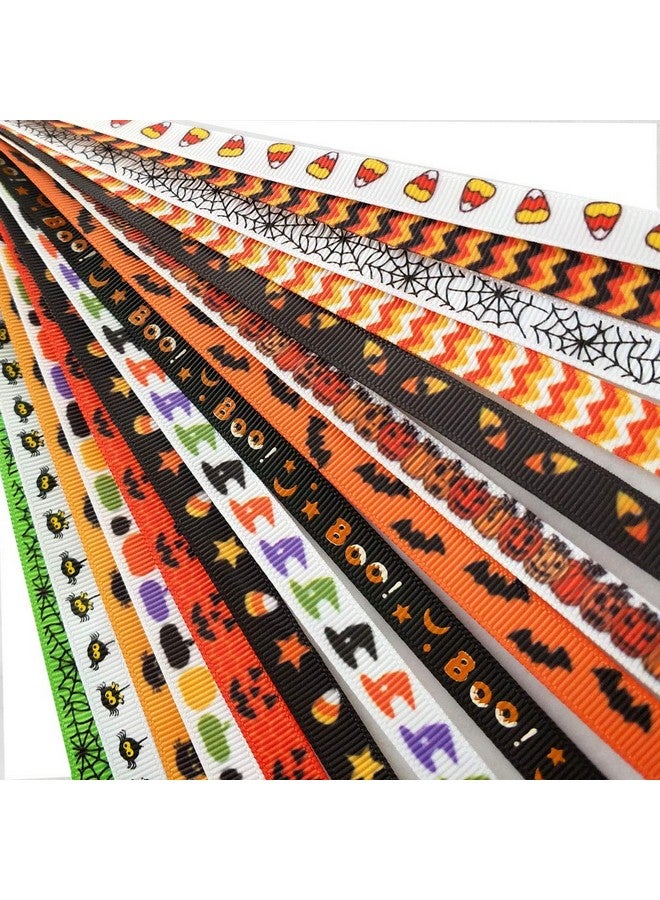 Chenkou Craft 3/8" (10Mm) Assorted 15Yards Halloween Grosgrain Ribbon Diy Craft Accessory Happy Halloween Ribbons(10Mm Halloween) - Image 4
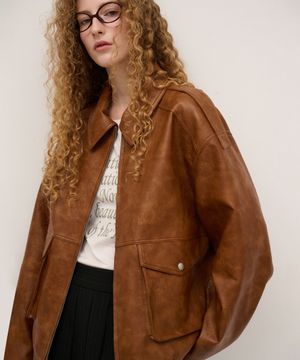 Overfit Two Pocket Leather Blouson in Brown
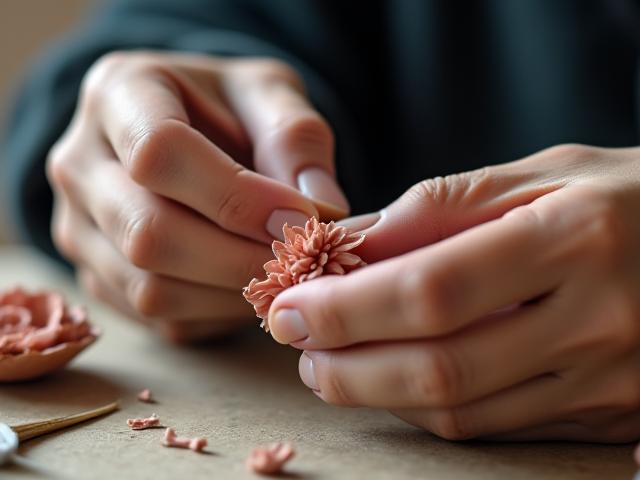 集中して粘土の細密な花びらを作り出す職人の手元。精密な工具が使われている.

The task
Only the pictures should be left out; the rest of the material above must be repeated exactly.

Answer area
 Chenkou Craft 3/8" (10Mm) Assorted 15Yards Halloween Grosgrain Ribbon Diy Craft Accessory Happy Halloween Ribbons(10Mm Halloween) - Image 4
 Overfit Two Pocket Leather Blouson in Brown
 集中して粘土の細密な花びらを作り出す職人の手元。精密な工具が使われている.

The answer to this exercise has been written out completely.